Questa nuova figura professionale si occupa proprio di osservare il mondo e trarne spunto: le sue ricerche “sul campo”, frutto di una vera e propria caccia a nuove linee di tendenza, atmosfere originali e stili di vita, saranno poi la fonte da cui i creativi attingeranno per ideare nuovi prodotti.

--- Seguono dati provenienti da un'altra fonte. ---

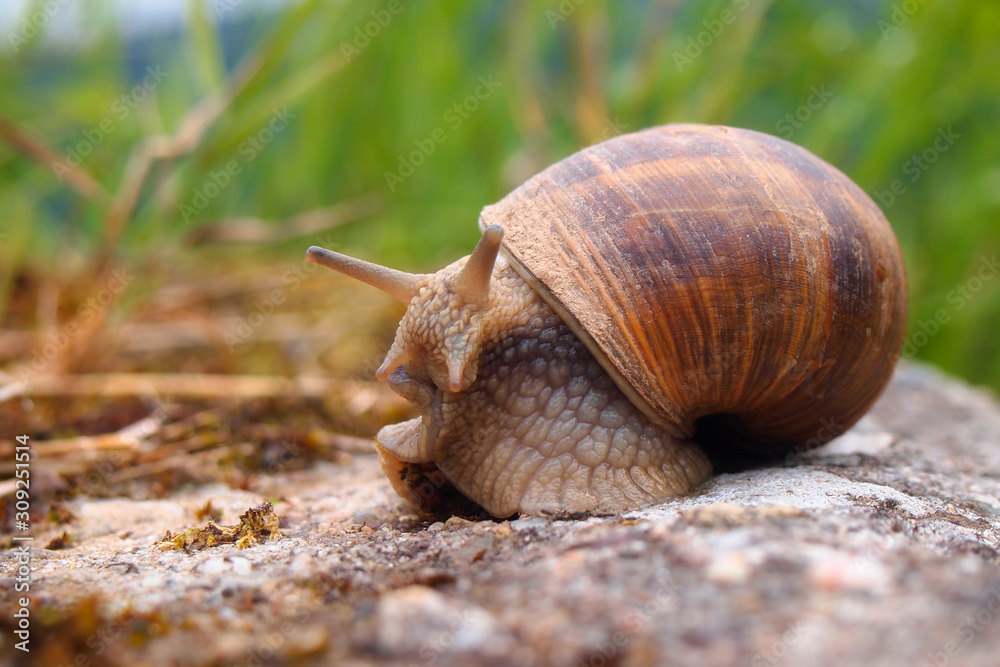 roman snail close-up roman snail close-up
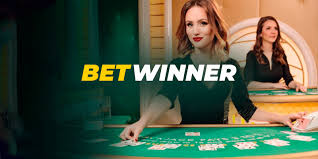 Discover the Thrills of Online Casinos BetWinner 16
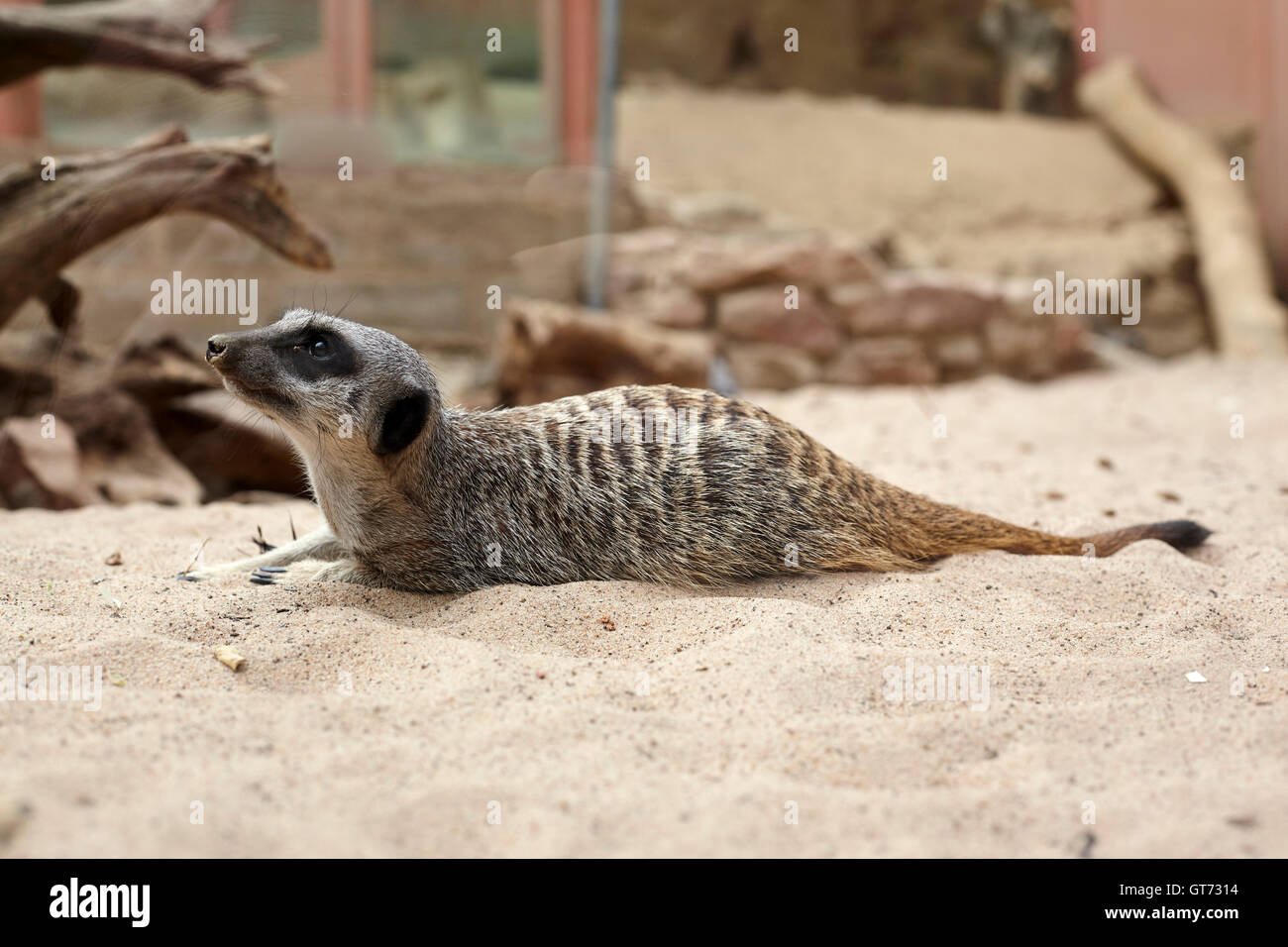 Meercat Stockfoto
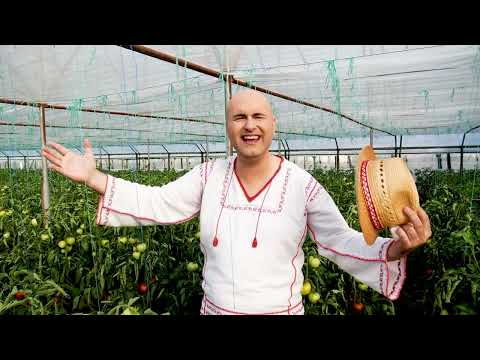 Daniel Trifu - Imnul Legumicultorilor / Am crescut în solărele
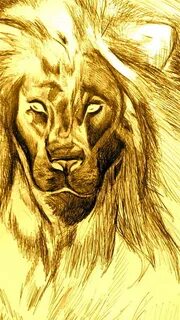 Lion of Judah Drawing by Kristen Lasher Fine Art America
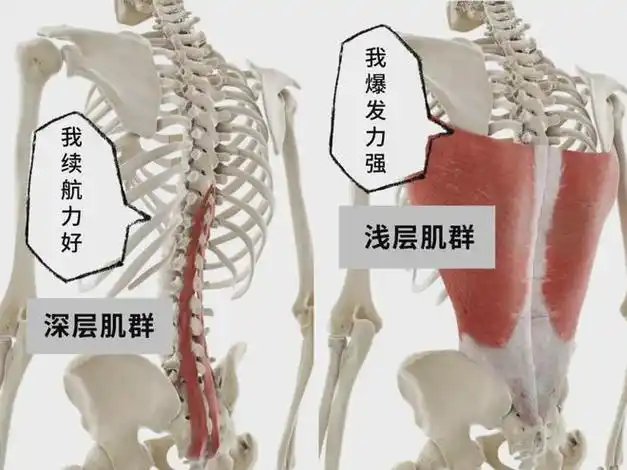 伤腰最快的姿势,很多人却每天都在做|坐姿|腰椎|肌肉|小肌群|大肌群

Ruolo delineatosi già dalla fine degli anni Ottanta negli Stati Uniti, inizialmente il cool hunter lavorava, macchina fotografica alla mano, osservando i trend emergenti nei luoghi più frequentati da un target giovanile – banalmente concerti, locali in voga o discoteche –, oggi opera in parallelo navigando anche tra Instagram, TikTok e Pinterest. Il suo compito, dunque, non è creare mode, ma scoprirle.
Solo a ricerca finita comporrà i cosiddetti quaderni di tendenza dove decodificherà tutto ciò che lo ha colpito, tra colori, textures, materiali o ancora stampe. Ed è qui che la sua funzione da intermediario inizia: i quaderni verranno venduti a stilisti e designer, cosicché il loro lavoro possa iniziare.

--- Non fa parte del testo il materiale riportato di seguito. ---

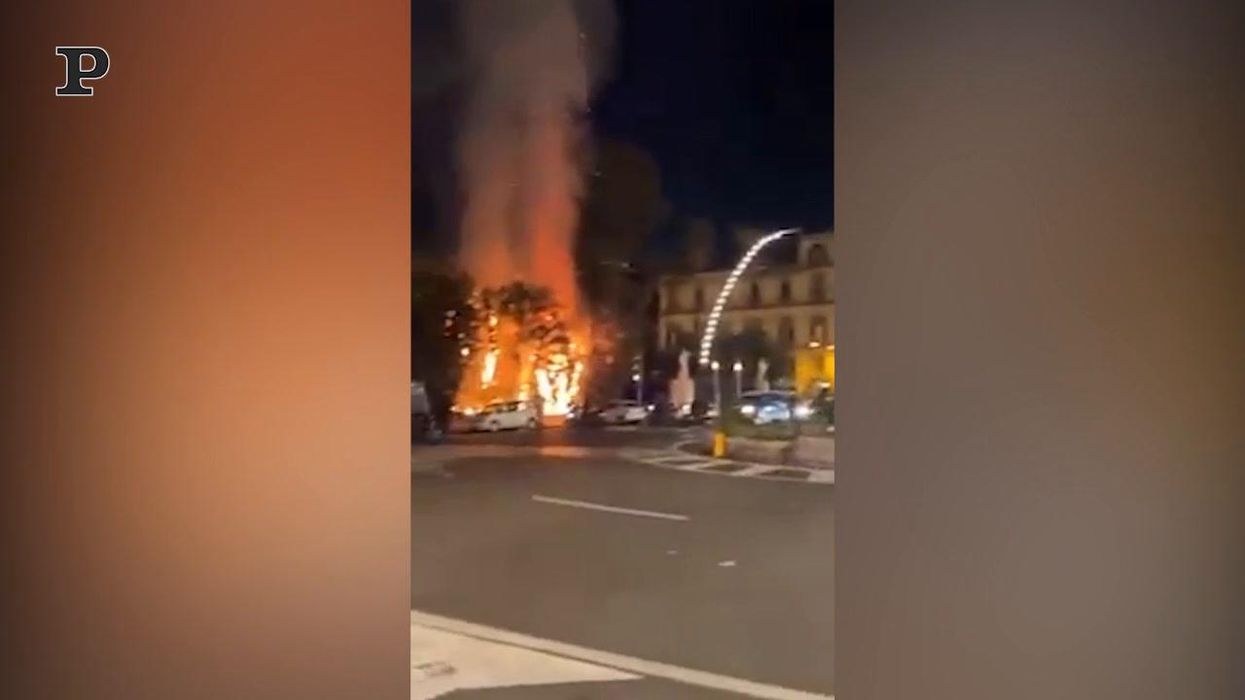 Napoli, incendio nella Villa Comunale: distrutti alcuni alberi secolari | Video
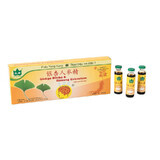 Ginkgo Biloba und Ginseng Extractum, 10 Fläschchen, Yongkang International China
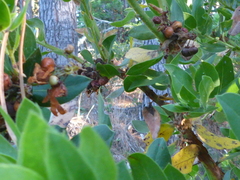 Arctostaphylos virgata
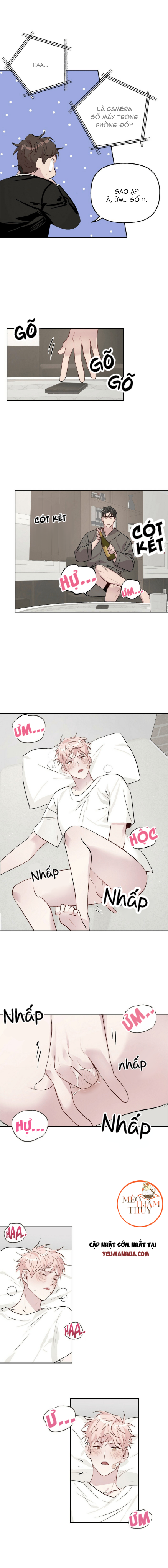 bạn có tò mò về bài review? chapter 12 5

Ad oggi anche i brand più famosi fanno affidamento alle ricerche dei cool hunter: parliamo di Nike, Coca-Cola, Disney, Samsung e Nestlé, giusto per citarne alcuni. Pare, inoltre, che sui famosi sandali Havaianas, prodotti da Alpargatas, sia apposta la bandierina brasiliana e non quella hawaiiana – come suggerirebbe invece il nome del brand – perché da diverse analisi di tendenze è emerso che la cultura brasiliana esercita una maggiore attrattiva sui consumatori.
Come diventarlo?
Per scovare le novità più cool non esiste ancora una formazione ben definita – ben visti sono però studi nell’ambito del marketing, della comunicazione e della semiotica –, ma è necessario senz’altro un profilo preciso: una predisposizione a lavorare in autonomia, un forte spirito di osservazione e tanta intuitività. Del resto, è proprio incombenza del cool hunter interpretare tutto quello che esamina e predire che cosa potrà poi approdare in passerella.

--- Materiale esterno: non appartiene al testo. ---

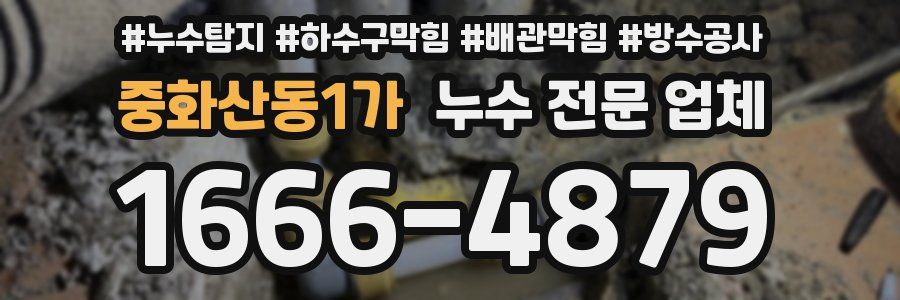 중화산동1가 누수 전문 업체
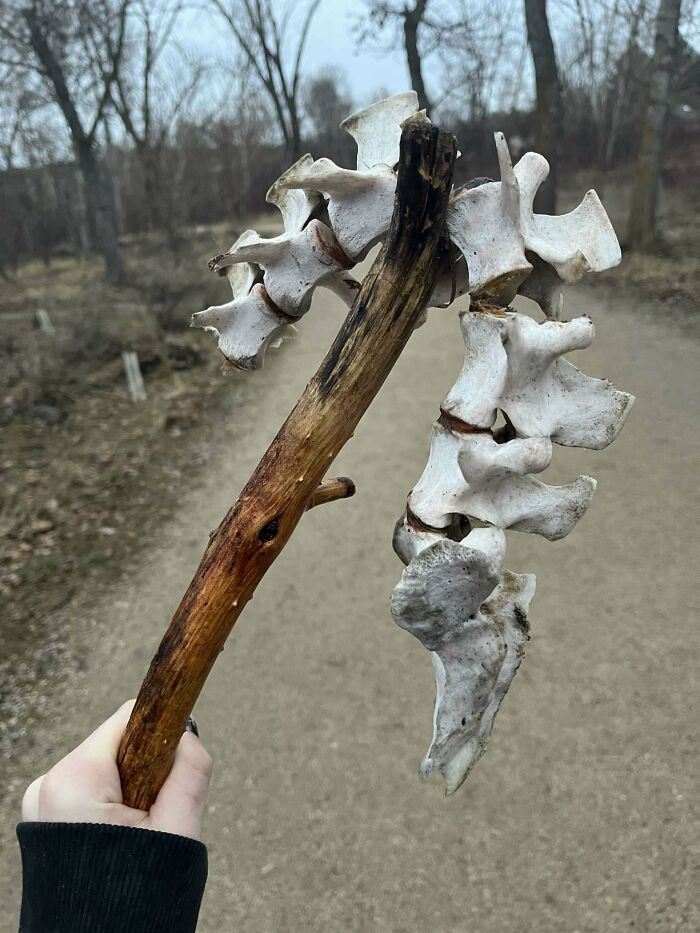 Went On A Walk With My GF Yesterday And Found This Does Anybody Have Any Idea What It Could Be?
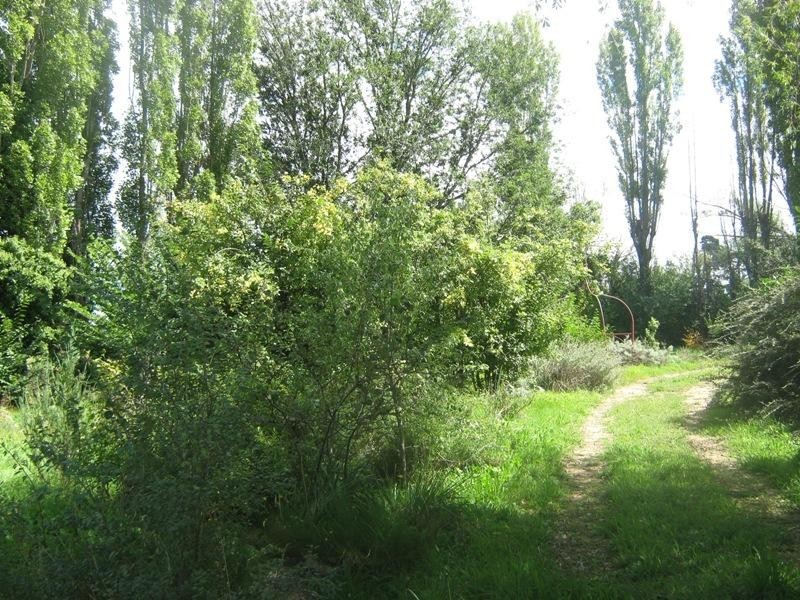 48 Bombala Street NIMMITABEL 2631, Nimmitabel NSW 2631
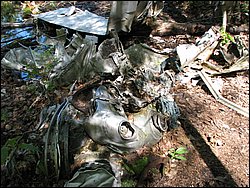 CF100 Crash Site May 2008 42.JPG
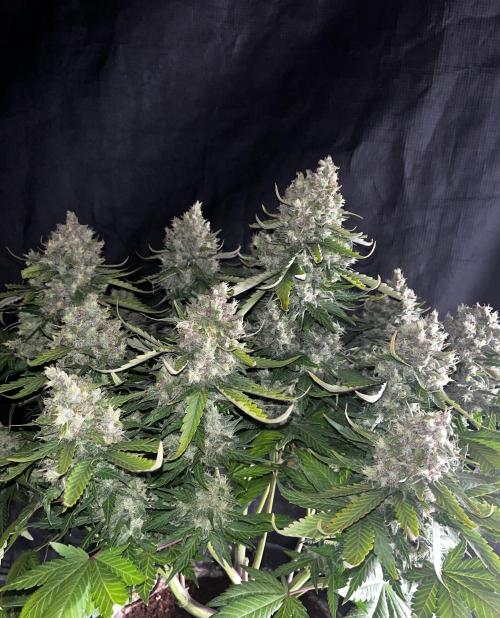 Guava. Week 10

Questa nuova figura professionale richiede anche disponibilità a viaggiare: tornerà quindi utile una buona conoscere le lingue e degli usi delle culture di riferimento, oltre a saper analizzare, decifrare e gestire le informazioni raccolte in giro per le diverse città.
Oggi i cool hunter lavorano soprattutto come freelancer, vendendo i loro report ad agenzie pubblicitarie o direttamente ai brand che richiedono i loro prospetti. Non è raro, però, che anche un’agenzia di comunicazione decida di far uso di questo metodo di ricerca: in Italia sono molti gli enti che accompagnano a metodi di ricerca più convenzionali i servizi dei “cacciatori”.
È possibile, per di più, svolgere questa professione anche come dipendente presso grandi case di moda, di solito nell’area di progettazione e ricerca.
E se non abbiamo occhio per l’abbigliamento? Nessun problema, questo nuovo ramo del marketing è in continua espansione: negli ultimi anni i cool hunter si sono fatti strada anche nel mondo dei viaggi, della musica e del life-style. Insomma, le possibilità sono infinite.